25 February 2024

Time For Dessert (part 1 of 3)

In all the time that I knew Mrs. Wright, what I knew her for - kitchen-wise - was dessert. It is, therefore, no surprise to me that I kept six recipes for sweets (seven if you include the "dessert" in the jello post).

Today's installment of Mrs. Wright's recipes includes two. The first one confuses me, and I kind of want to send it to B. Dylan Hollis for his take. It includes cooked mashed potatoes, and peanut butter, but after you make a dough with the mashed potates, and smear the peanut butter on, and roll it up, what then? Is it done? Does it need further baking, chilling, anything? Peculiar.

Also it's on a larger than usual index card, which had to be folded to fit in the standard 3" x 5" box, and it's in someone else's handwriting. Where did it come from?
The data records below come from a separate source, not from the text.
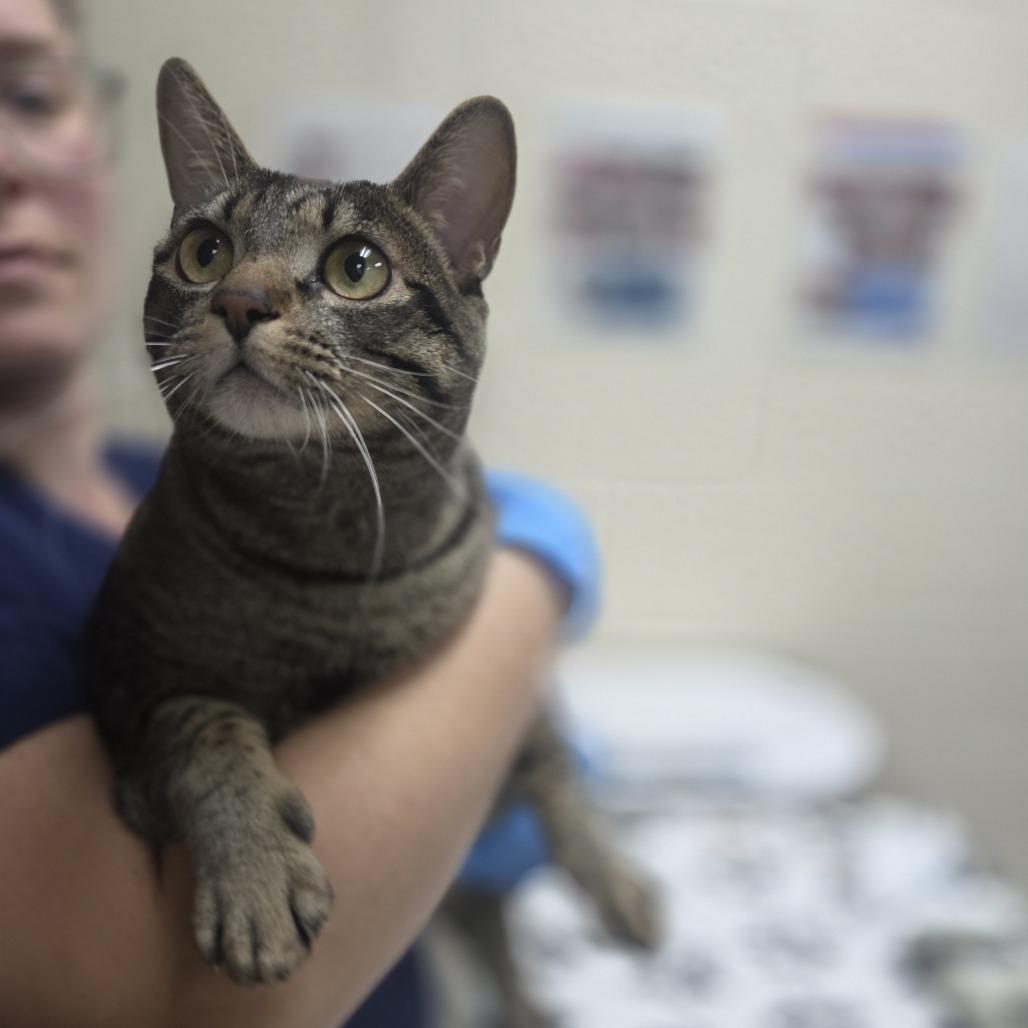 Kelley, Adoptable, Young Female Domestic Short Hair.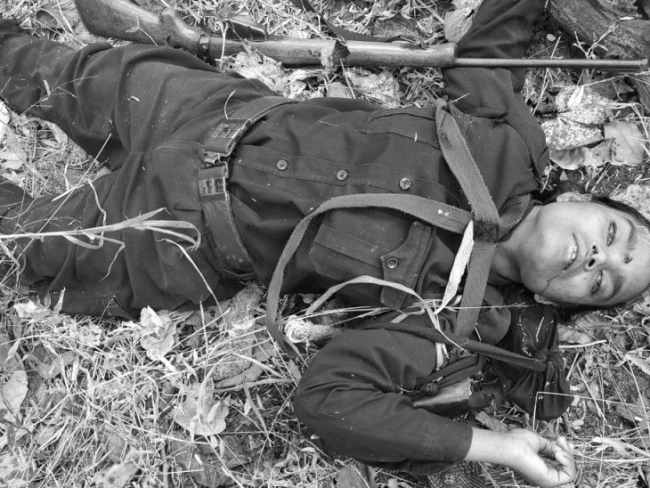 एमपी में मुठभेड़ में 4 महिला नक्सली ढेर:बालाघाट में चारों शव बरामद, कुछ घायल जंगल में छिपे; इलाके में सर्च ऑपरेशन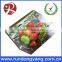 Customized Plastic Stand up Pouch Slider Zip Lock Fruit Packaging Bag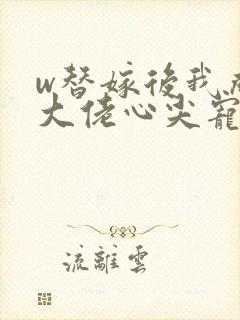 w替嫁后我成了大佬心尖宠》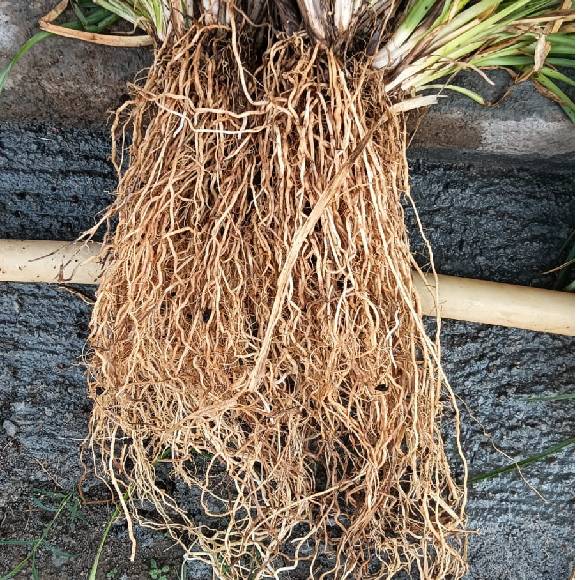 2nd MONTH ROOT  60 Days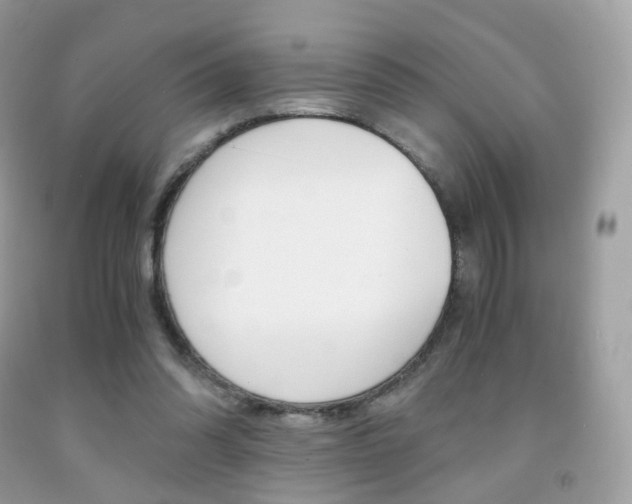 X0000091940302200709051308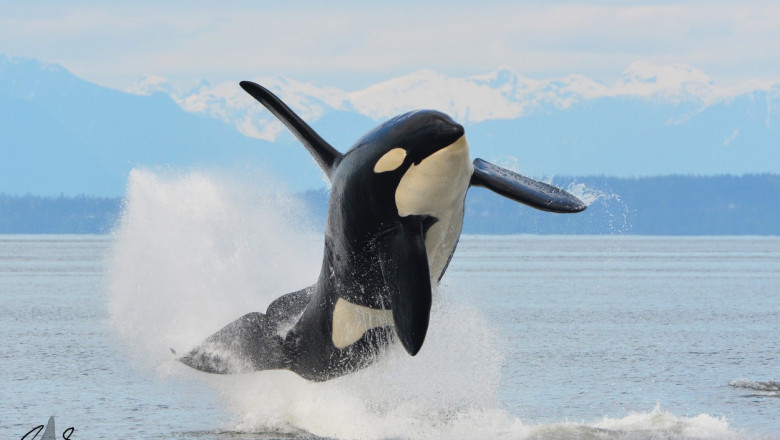orca surprinsa sarind in apele canadei
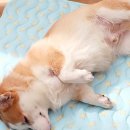 쁘띠 애견 이미지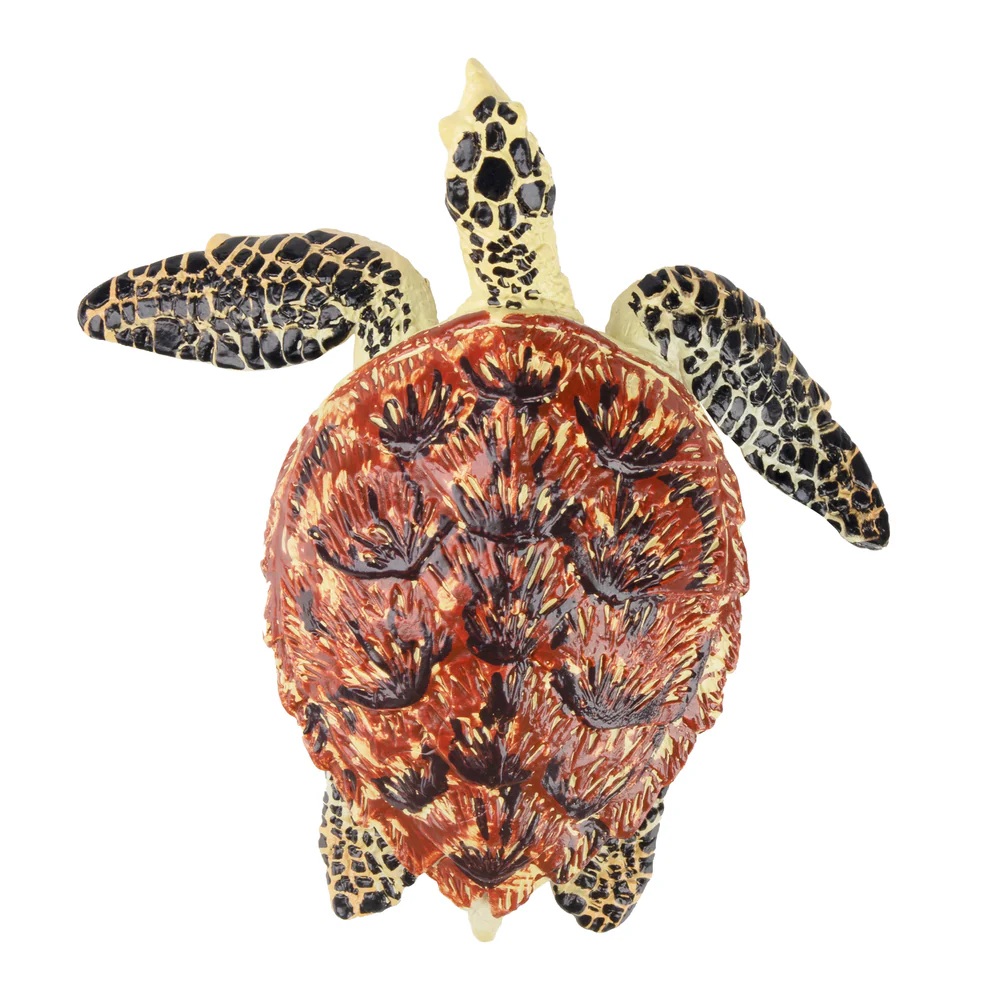 Hawksbill sea turtle  Toymany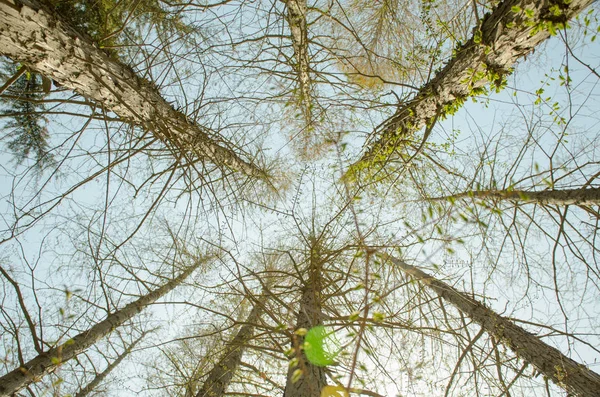 Ramas Árboles Forestales Flora Natural — Foto de Stock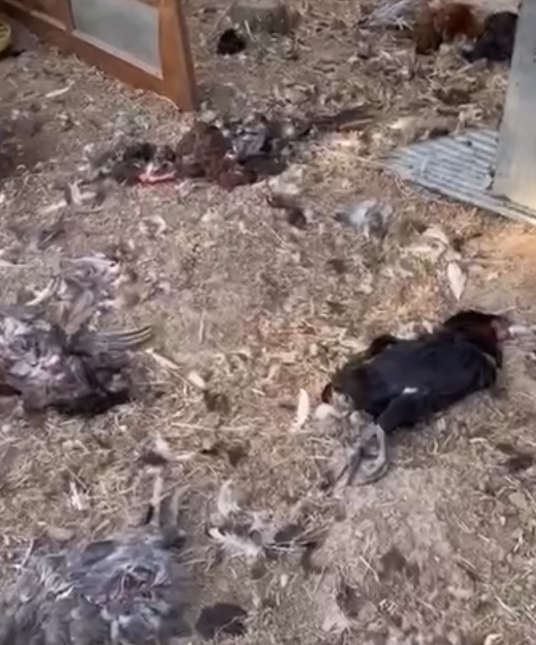 Bah&ccedil;eye giren k&ouml;pekler 20 tavuğu telef etti
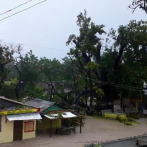 Fallece niña en Haití tras caída de árbol en vivienda por tormenta Laura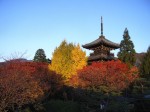 [061124_43.jpg]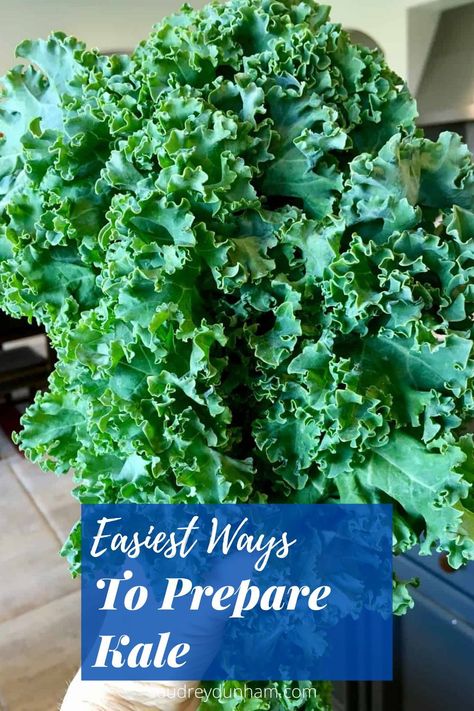 You no longer have to be intimidated by kale! Learn how to easily prep this popular green with my favorite easy way to prepare kale. Kale And Carrots Recipes, How To Cook Kale Greens On Stove, How To Cook Kale On Stove, Cooking Kale, Cook Kale, Types Of Kale, Homemade Kale Chips, Types Of Lettuce, How To Cook Kale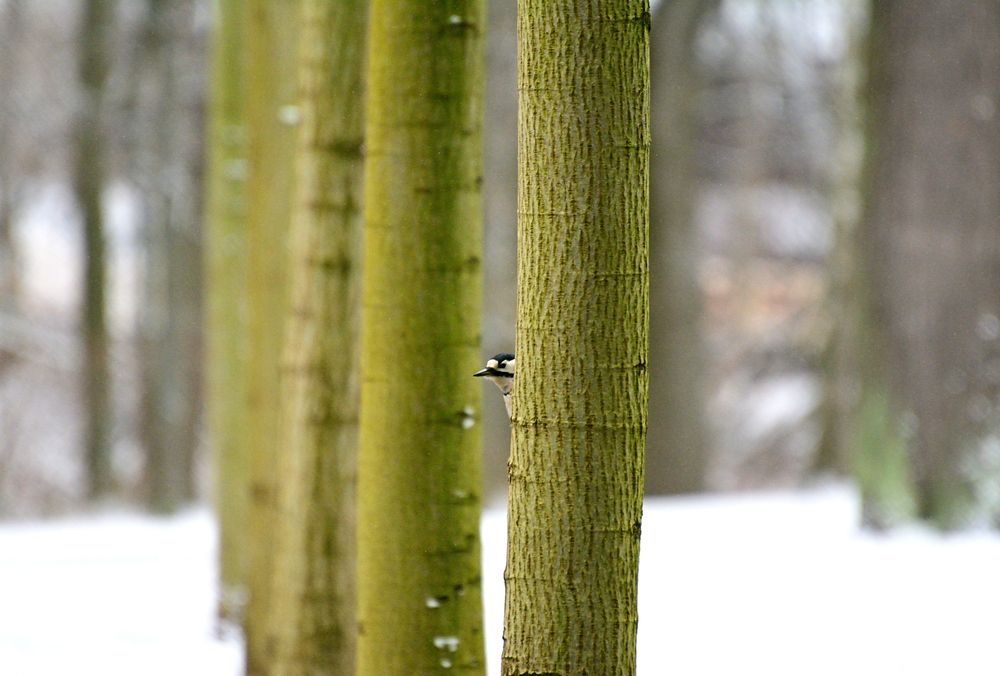 Photograph by Игорь Столяров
Mrs. Wright was terrific at pizzele. She and my mother would compare notes and my mother's were never as good as Marian's. This is another example of a recipe for someone who knows how to cook. No instructions whatsoever - just a list of ingredients. If you want to be picky, there are two verbs: melt and add. But the proof of pizzele is in the baking. (And I wonder what happened to my mother's pizzele iron...and Marian's for that matter.)


kathy a. said...

Maybe those pinwheels were meant to be like no-bake cookies? I remember making some drop cookies of the no-bake variety using peanut butter, chocolate chips, instant oatmeal, and ?? That would have been around 1978-9.